(WHAT TO DO):
Count every line below that contains "Used", then state the total with no other output.

▽

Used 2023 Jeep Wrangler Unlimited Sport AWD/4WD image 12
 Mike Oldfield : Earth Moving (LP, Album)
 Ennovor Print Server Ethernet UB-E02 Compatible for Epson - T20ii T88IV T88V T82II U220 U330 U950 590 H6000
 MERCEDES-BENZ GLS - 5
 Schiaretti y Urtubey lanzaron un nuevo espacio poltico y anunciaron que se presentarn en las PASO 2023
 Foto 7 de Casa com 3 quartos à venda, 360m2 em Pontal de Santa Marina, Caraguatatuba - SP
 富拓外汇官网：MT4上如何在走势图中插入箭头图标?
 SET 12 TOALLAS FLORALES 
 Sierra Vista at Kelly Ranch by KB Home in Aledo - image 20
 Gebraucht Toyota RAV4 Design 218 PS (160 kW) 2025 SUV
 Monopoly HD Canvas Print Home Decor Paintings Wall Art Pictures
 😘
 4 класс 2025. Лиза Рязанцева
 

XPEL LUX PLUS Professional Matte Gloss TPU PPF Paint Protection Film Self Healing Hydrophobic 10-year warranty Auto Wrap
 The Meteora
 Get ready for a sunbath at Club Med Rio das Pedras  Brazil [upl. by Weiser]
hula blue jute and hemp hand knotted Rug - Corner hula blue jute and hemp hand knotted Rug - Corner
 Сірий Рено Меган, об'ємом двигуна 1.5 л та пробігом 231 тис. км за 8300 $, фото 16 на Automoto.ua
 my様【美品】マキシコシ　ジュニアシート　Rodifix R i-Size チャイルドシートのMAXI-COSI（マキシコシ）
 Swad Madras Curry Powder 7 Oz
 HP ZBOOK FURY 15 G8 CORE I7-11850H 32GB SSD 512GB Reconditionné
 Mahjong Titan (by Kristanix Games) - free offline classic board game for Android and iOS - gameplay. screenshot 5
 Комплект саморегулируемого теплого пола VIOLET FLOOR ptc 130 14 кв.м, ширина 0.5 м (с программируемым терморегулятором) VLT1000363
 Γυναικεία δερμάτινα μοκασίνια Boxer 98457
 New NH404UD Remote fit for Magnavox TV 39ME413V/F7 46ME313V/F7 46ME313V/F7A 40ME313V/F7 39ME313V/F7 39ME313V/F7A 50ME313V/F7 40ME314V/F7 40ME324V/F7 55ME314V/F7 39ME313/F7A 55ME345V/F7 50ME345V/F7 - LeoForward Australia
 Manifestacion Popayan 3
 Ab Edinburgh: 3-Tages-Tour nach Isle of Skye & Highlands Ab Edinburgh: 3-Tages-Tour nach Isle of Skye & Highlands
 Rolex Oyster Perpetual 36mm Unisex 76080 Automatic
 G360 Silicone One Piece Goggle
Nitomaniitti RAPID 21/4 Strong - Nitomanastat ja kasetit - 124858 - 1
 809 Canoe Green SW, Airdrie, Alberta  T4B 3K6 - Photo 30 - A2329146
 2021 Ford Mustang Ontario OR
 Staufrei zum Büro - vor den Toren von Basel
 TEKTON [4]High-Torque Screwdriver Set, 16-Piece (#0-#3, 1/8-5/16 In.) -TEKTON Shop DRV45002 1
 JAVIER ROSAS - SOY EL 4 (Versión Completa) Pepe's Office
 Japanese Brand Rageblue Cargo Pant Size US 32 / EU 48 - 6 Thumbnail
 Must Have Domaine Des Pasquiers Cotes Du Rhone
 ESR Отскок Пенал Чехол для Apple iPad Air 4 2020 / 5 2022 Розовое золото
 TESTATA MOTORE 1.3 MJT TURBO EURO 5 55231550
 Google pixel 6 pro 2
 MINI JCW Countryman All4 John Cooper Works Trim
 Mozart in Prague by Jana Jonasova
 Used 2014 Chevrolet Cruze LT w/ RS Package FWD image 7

△

(RESULT FOR THIS TASK):
2